__EXERCISE__. Return all the data verbatim but without images.

__SUPPLIED RECORDS__.
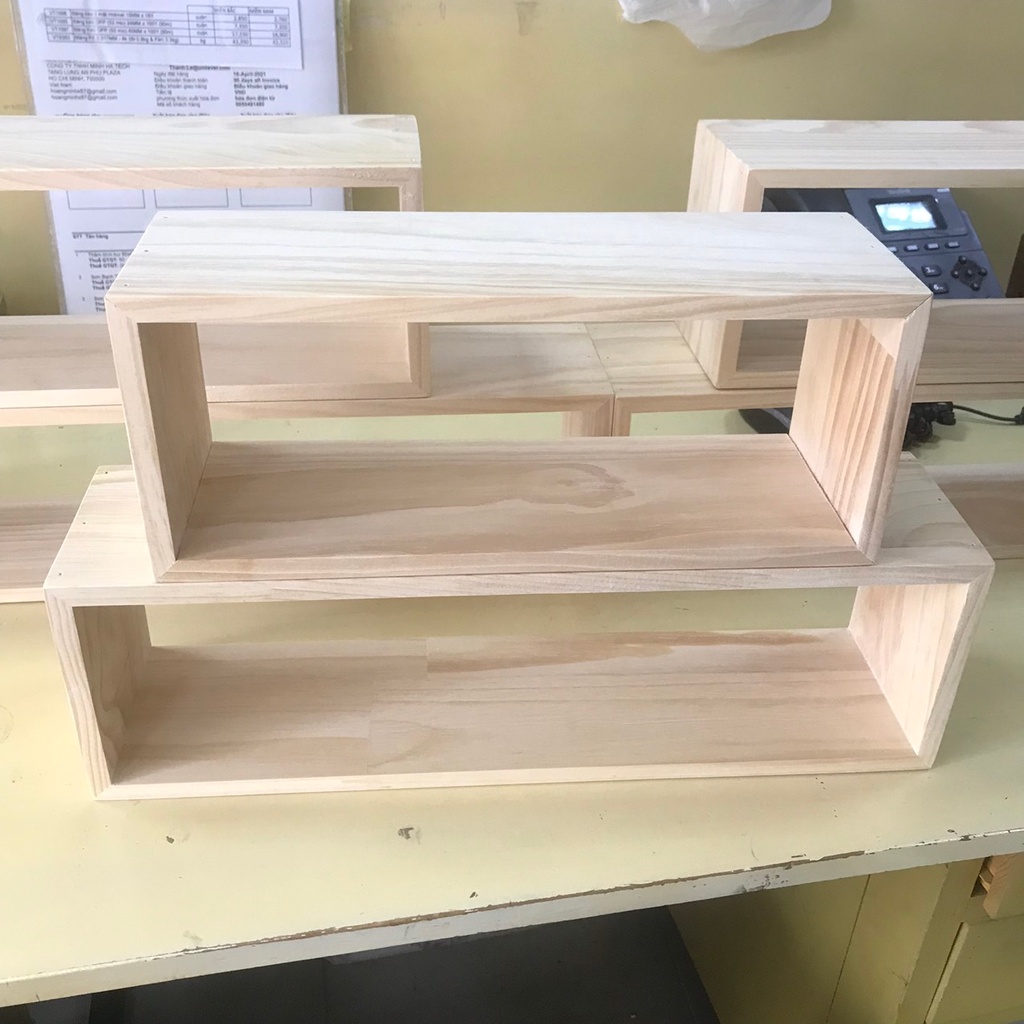 Kệ gỗ để bàn mini, gỗ thông tự nhiên chống nước, chống mốc hàng đánh bóng đẹp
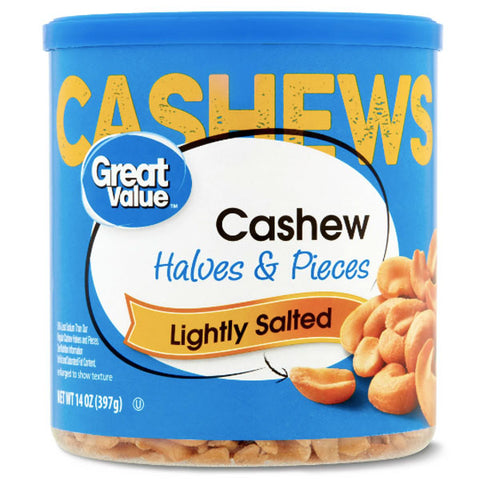 Great Value Lightly Salted Cashew Halves & Pieces, 14 oz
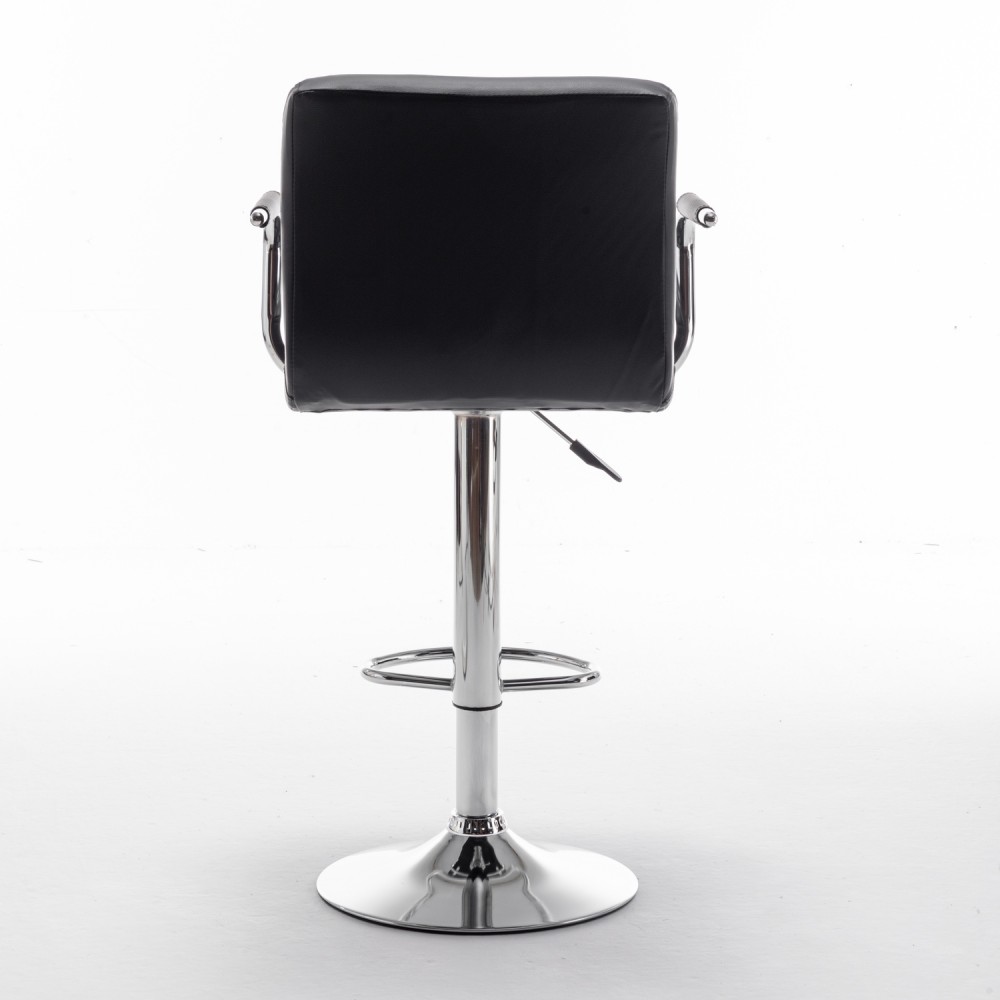 Σκαμπό Bar ArteLibre RANCOR Με Πλάτη Πτυσσόμενο Μαύρο PVC/Μέταλλο 51x50x83-105cm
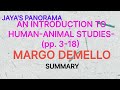 AN INTRODUCTION TO HUMAN-ANIMAL STUDIES- (pp. 3-18) BY MARGO DEMELLO SUMMARY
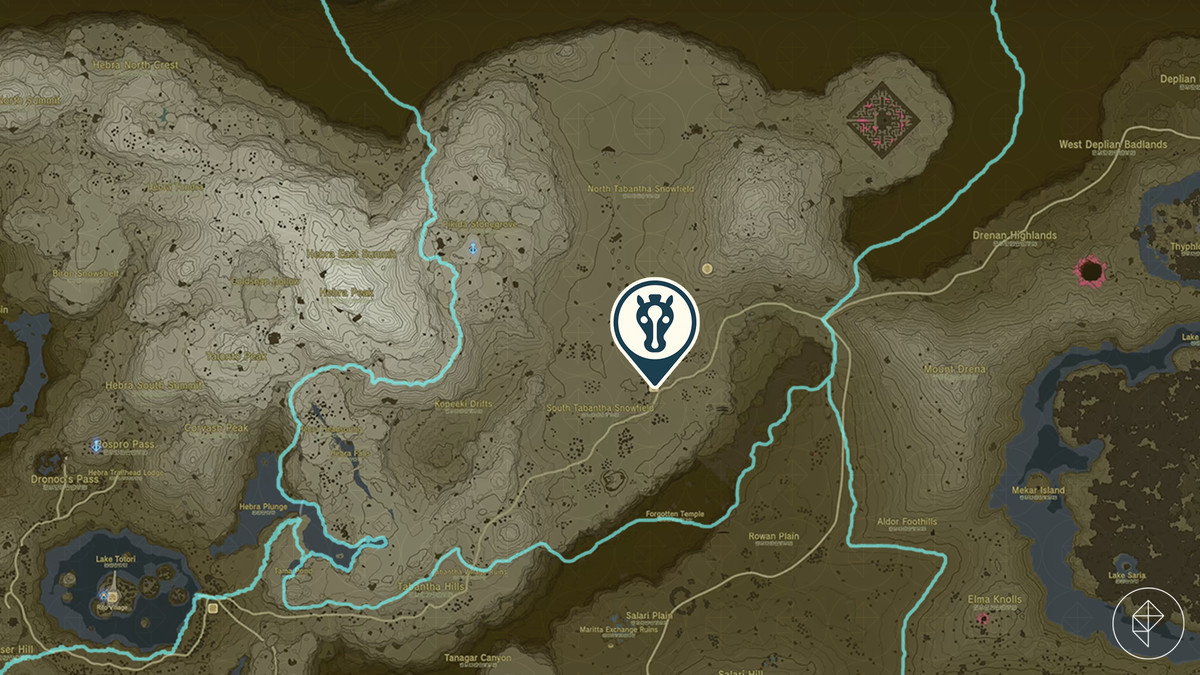 The Legend of Zelda: Tears of the Kingdom map showing the location of the Snowfield Stable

__ANSWER BOX__.
 Kệ gỗ để bàn mini, gỗ thông tự nhiên chống nước, chống mốc hàng đánh bóng đẹp
 Great Value Lightly Salted Cashew Halves & Pieces, 14 oz
 Σκαμπό Bar ArteLibre RANCOR Με Πλάτη Πτυσσόμενο Μαύρο PVC/Μέταλλο 51x50x83-105cm
 AN INTRODUCTION TO HUMAN-ANIMAL STUDIES- (pp. 3-18) BY MARGO DEMELLO SUMMARY
 The Legend of Zelda: Tears of the Kingdom map showing the location of the Snowfield Stable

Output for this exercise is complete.